[Data excerpts]

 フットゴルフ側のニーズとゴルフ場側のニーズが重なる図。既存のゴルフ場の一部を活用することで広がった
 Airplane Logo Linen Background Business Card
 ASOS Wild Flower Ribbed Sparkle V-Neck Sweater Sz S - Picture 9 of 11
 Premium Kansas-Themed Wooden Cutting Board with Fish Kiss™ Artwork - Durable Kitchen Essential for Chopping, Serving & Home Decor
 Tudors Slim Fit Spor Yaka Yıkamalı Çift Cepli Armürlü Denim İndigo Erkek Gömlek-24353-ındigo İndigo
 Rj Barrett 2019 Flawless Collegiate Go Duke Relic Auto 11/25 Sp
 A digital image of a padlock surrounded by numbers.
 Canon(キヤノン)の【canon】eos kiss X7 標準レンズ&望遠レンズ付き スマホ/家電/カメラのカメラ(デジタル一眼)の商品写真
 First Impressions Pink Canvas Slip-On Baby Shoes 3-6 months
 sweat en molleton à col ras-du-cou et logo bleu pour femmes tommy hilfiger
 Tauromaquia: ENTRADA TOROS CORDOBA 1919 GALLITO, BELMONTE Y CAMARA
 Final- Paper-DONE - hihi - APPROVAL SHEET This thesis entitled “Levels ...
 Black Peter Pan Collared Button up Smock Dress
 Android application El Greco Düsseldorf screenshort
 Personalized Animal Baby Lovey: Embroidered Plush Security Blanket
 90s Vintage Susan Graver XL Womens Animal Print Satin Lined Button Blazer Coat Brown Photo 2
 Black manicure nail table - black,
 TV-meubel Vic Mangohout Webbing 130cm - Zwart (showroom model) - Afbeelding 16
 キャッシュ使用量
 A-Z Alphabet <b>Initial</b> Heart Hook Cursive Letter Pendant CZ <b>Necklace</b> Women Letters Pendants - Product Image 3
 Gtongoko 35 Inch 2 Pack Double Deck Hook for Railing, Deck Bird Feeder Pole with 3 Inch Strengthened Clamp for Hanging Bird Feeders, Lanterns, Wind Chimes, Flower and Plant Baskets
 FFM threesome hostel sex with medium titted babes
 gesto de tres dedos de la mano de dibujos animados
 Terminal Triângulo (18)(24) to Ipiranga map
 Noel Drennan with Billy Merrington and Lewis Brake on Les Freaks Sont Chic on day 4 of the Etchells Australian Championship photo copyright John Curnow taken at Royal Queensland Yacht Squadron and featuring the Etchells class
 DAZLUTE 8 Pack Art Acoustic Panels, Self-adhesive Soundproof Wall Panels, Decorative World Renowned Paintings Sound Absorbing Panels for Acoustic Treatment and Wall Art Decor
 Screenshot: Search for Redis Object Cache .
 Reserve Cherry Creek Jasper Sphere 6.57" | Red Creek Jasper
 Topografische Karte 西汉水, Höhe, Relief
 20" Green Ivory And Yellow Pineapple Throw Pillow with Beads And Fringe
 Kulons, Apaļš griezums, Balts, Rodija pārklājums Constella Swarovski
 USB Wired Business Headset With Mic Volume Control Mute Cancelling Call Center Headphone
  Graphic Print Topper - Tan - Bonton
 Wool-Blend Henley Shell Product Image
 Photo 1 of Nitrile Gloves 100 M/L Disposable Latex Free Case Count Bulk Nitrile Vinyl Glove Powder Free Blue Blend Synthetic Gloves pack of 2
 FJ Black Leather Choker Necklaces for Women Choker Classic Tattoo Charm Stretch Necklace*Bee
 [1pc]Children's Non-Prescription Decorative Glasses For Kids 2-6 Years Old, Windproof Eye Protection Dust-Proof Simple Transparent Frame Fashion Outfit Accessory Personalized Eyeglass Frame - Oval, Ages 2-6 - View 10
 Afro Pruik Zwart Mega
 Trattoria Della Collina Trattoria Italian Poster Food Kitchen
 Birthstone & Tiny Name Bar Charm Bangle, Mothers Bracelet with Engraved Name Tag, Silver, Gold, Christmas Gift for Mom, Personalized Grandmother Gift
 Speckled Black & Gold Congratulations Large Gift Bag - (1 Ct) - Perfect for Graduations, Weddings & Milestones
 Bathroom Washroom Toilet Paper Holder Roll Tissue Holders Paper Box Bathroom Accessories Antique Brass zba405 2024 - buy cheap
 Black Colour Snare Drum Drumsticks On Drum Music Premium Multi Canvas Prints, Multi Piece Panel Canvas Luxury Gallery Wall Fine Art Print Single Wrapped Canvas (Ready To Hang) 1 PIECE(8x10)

_BRIEF_
From the line that contains "Speckled Black &" down to the final line of the entries, print every line exactly as it is, and only those lines.

_SOLUTION FOR THIS EXERCISE_
 Speckled Black & Gold Congratulations Large Gift Bag - (1 Ct) - Perfect for Graduations, Weddings & Milestones
 Bathroom Washroom Toilet Paper Holder Roll Tissue Holders Paper Box Bathroom Accessories Antique Brass zba405 2024 - buy cheap
 Black Colour Snare Drum Drumsticks On Drum Music Premium Multi Canvas Prints, Multi Piece Panel Canvas Luxury Gallery Wall Fine Art Print Single Wrapped Canvas (Ready To Hang) 1 PIECE(8x10)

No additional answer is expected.